To begin with, this means accepting that 10 years of generous assistance to Pakistan have not produced the desired results.
Pakistani elites, particularly the army, continue to balk at cracking down on the Haqqani network and other elements of the Afghan Taliban who use sanctuaries in Pakistan to attack NATO forces and hurt international efforts to stabilize Afghanistan. Pakistan has also shown little resolve in bringing to justice the perpetrators of the horrific 2008 terrorist attacks in Mumbai in which six US citizens were killed. Pakistan's acceleration of its rogue nuclear weapons program, the fastest growing in the world, and its failure to crack down on the rump al Qaeda leadership in the country, or on home grown terrorist groups with global ambitions such as Lashkar-e-Taiba, raise serious doubts about where Islamabad's sympathies lie.
At the same time, however, it would be wrong to suggest that Washington's record in Pakistan has not also included modest gains. Ten years ago, the country was ruled by a general who had seized power in a coup, housed a largely tame and ill-informed media, and had spent the previous two decades welcoming jihadists from across the globe. Indeed, pre-9/11 Pakistan more or less openly backed terrorism as an instrument of policy, and helped create arguably the world's most brutal Islamist regime in history under the Taliban in Afghanistan.
Today things are less black and white. The army still wields far too much influence, but at least it has handed over the formal reins of power to elected politicians. And though Pakistan's intelligence agencies are widely believed not to have severed their links with jihadist proxies, they have also helped capture hundreds of al Qaeda leaders--including the 9/11 mastermind Khalid Sheikh Mohammed, his co-conspirator Ramzi bin Al-Shibh and al Qaeda number three, Abu Faraj al-Libi. In the long run, Pakistan must be encouraged to persevere with elections, next due in 2013. In a best case scenario, over time civilian politicians will assert control as they have in Bangladesh, Indonesia and most of Latin America.
In short, the answer to the Pakistan problem lies not in walking away, but in continued engagement that works toward strengthening democracy, turning the Pakistani military away from its historic support for radical groups in Afghanistan, India and beyond, and ensuring that neither a nuclear weapon nor fissile material fall into their hands.

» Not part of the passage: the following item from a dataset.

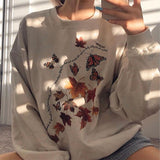 Round Neck Sweatshirt, Featuring Monarch Butterfly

Key policy recommendations to achieve US goals in Pakistan and South Asia:
*Strengthen Pakistani democracy. Both of Pakistan's major political parties, Pakistan Peoples Party and Pakistan Muslim League (N), leave much to be desired in terms of their capacity for governance, their record on corruption, and their ability to take enlightened steps to reverse the continued rise of radical Islamic sentiment in Pakistani society. Some smaller parties such as former cricketer Imran Khan's Tehreek-e-Insaf and the Islamist Jamaat-e-Islami base their popularity in part on rabid anti-Americanism.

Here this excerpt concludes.